Every year, millions of people get vaccinated around the world. After a vaccine, it can sometimes happen that side effects, most of them mild, appear. But then, how to recognize them, how to monitor them and who to contact?
What may be the side effects?
After a vaccine, the vaccinated person may have redness, pain and/or slight swelling where the vaccine was injected. Your child may also have a headache, fever, body aches, or be a little drowsy or cranky. It is also possible that he has less of an appetite than usual.
These reactions are common and do not last more than two days. If you observe one or more of these symptoms, there is nothing to worry about, it is quite normal.
In which cases should I be concerned?
On the other hand, there are certain cases in which you will need to contact your doctor: high fever – either greater than or equal to 39º -, skin rash or inconsolable crying for example. This will also be the case if your infant is unusually listless or sleepy, or if a very large and painful inflammation appears at the injection site and gets worse.
What to do in the first place?
In case of fever, uncover the child, give him something to drink, do not heat the room too much.
In case of pain, difficulty falling asleep, grumpy child, do not hesitate to give it a form of paracetamol according to the recommendations of your doctor. With some exceptions, this medication should not be given preventively or routinely.

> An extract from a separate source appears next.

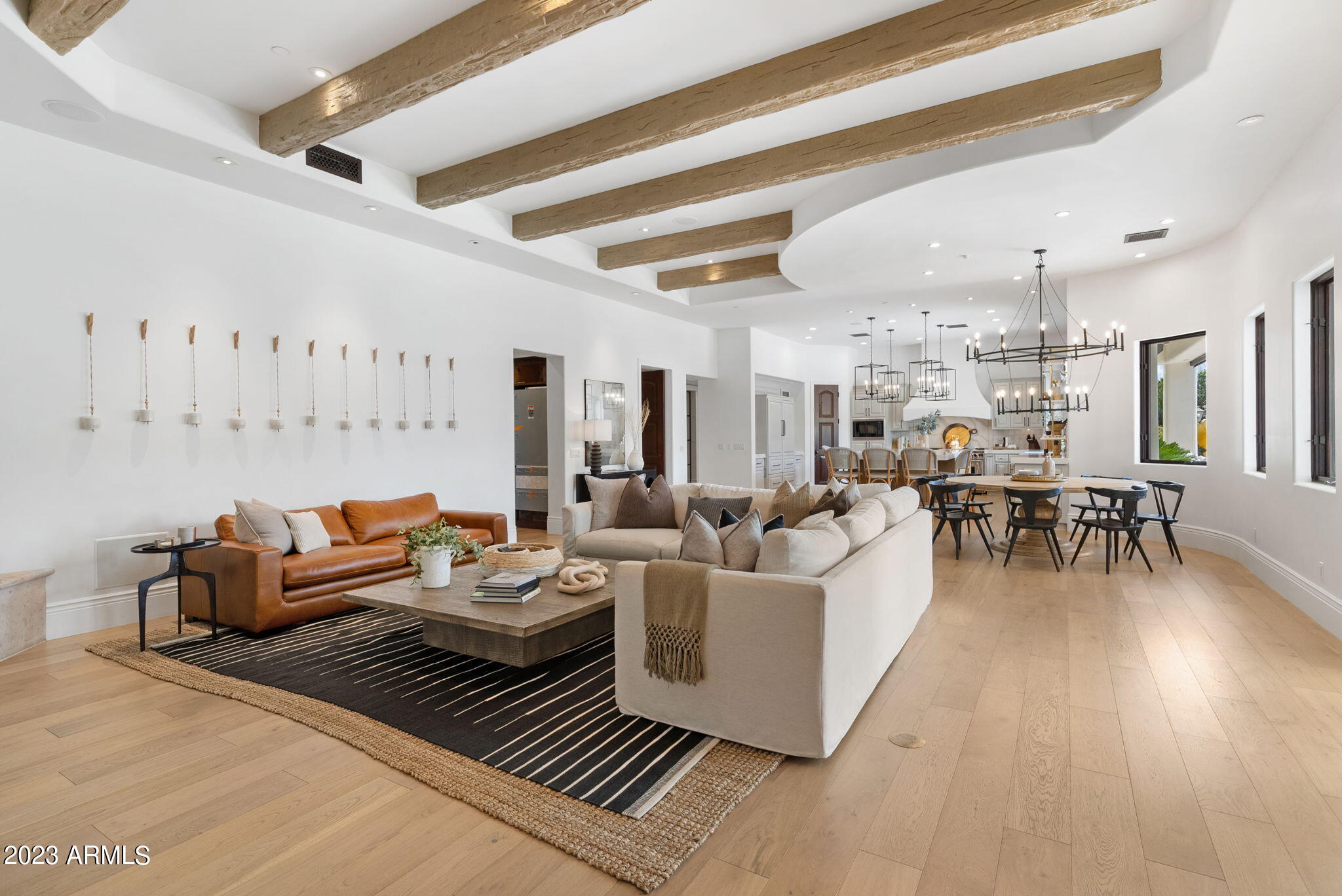 CAMELBACK COUNTRY CLUB ESTATES - Residential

If you observe one or more of these symptoms, and you don’t know what to do, contact your doctor.
Who do I contact?
If you observe one or more of these symptoms, you are advised to contact your doctor. But you can also report these reactions to any other healthcare professional. He will then be required to report any undesirable effects potentially linked to a drug or product to the Regional Center for Pharmaceutical surveillance (CRPV) on which they depend.
In addition, patients and patient associations can also report an adverse reaction caused by a drug since June 2011 without having to go through a healthcare professional.